I am wondering if there is a gcc macro which can help me or a built in function which I couldn't find.
EDIT:
Also using argv[0]
is not appropriate since I need to call the function not only inside main.
And passing the argv[0] parameter to all the functions that might need this parameter also isnt acceptable since it will be used in the entire system (I need to hash by it).
Upvotes: 0
Views: 137
Reputation: 70931
The startup name is given via main()
's argv[0]
and can be considered constant.
So why not make it available through out the program using a global reference to it.
progname.h
#ifndef PROGNAME_H
#define PROGNAME_H
extern char * progname;
#endif
main.c
#include "progname.h"
char * progname = NULL;
int main(int argc, char ** argv)
{
progname = argv[0];
...
}
Access it from any where like so
module1.c
#include <stdio.h>
#include "progname.h"
void f(void)
{
printf("progname='%s'\n", progname ?progname :"<not set>");
}
Upvotes: 0
Reputation: 42828
From main
, pass argv[0]
to wherever you might need the program's name.

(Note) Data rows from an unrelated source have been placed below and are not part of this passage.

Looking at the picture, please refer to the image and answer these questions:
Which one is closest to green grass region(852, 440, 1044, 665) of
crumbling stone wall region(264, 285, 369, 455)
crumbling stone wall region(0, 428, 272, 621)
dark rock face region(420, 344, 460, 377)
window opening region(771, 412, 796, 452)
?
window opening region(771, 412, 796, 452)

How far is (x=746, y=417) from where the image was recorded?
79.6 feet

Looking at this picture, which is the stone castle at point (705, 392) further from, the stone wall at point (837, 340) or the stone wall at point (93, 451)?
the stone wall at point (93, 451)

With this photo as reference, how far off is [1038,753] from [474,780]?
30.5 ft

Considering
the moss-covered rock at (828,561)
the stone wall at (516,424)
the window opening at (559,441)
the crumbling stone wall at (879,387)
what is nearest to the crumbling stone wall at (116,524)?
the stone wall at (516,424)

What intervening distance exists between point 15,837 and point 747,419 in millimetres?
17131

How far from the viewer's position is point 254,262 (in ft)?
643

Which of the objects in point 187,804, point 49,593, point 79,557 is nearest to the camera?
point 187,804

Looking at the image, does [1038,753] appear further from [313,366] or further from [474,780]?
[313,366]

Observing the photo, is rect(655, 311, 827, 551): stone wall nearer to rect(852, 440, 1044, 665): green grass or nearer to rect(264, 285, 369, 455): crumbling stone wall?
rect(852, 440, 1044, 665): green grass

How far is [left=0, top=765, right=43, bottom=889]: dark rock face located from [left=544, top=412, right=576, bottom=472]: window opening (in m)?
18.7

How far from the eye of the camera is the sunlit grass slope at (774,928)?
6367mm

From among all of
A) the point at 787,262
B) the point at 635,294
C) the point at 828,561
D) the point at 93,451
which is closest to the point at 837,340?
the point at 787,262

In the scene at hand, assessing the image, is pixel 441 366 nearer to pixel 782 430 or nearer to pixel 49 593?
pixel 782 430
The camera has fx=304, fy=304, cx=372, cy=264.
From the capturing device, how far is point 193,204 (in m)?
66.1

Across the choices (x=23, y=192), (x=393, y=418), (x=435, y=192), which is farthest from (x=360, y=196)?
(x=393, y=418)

Or if a lot of functions need it and you want to avoid passing it around too much, assign it to a global variable.
You asked for macros as a solution, but they are expanded at compile time. And since the name of the executable file can be changed after compilation, what you want cannot be determined at compile time, so macros are out of question.
Upvotes: 2
Reputation: 44023
Often remembering argv[0]
from main
will be quite sufficient.
If this is not the case -- for example if you're a shared library, or if you worry that your caller started you with a faked argv[0]
(this is possible but unusual), you can, on POSIX-compliant systems with a mounted /proc
, use readlink
to resolve /proc/self/exe
and get a path to the main binary of the running process:
#include <limits.h>
#include <unistd.h>
// Note that readlink does not null-terminate the result itself. This
// is important if the link target contains null bytes itself, I suppose,
// but it means that you have to take care that the null-terminator is
// placed yourself if you're going to use the file name as a string.
char buf[PATH_MAX] = { 0 };
readlink("/proc/self/exe", buf, PATH_MAX);
And on Windows, there is the GetModuleFileName
function:
#include <windows.h>
TCHAR buf[MAX_PATH];
GetModuleFileName(NULL, buf, MAX_PATH);
Upvotes: 1
Reputation: 16331
The standard definition for main()
in C is:
int main(int argc, char **argv)
argv[0]
contains the name of the program as executed.
Upvotes: 2
Reputation: 20244
int main(int argc,char* argv[])
{
printf("%s",argv[0]);
return 0;
}
The first argument(argv[0]
) contains the name of the program which is being run.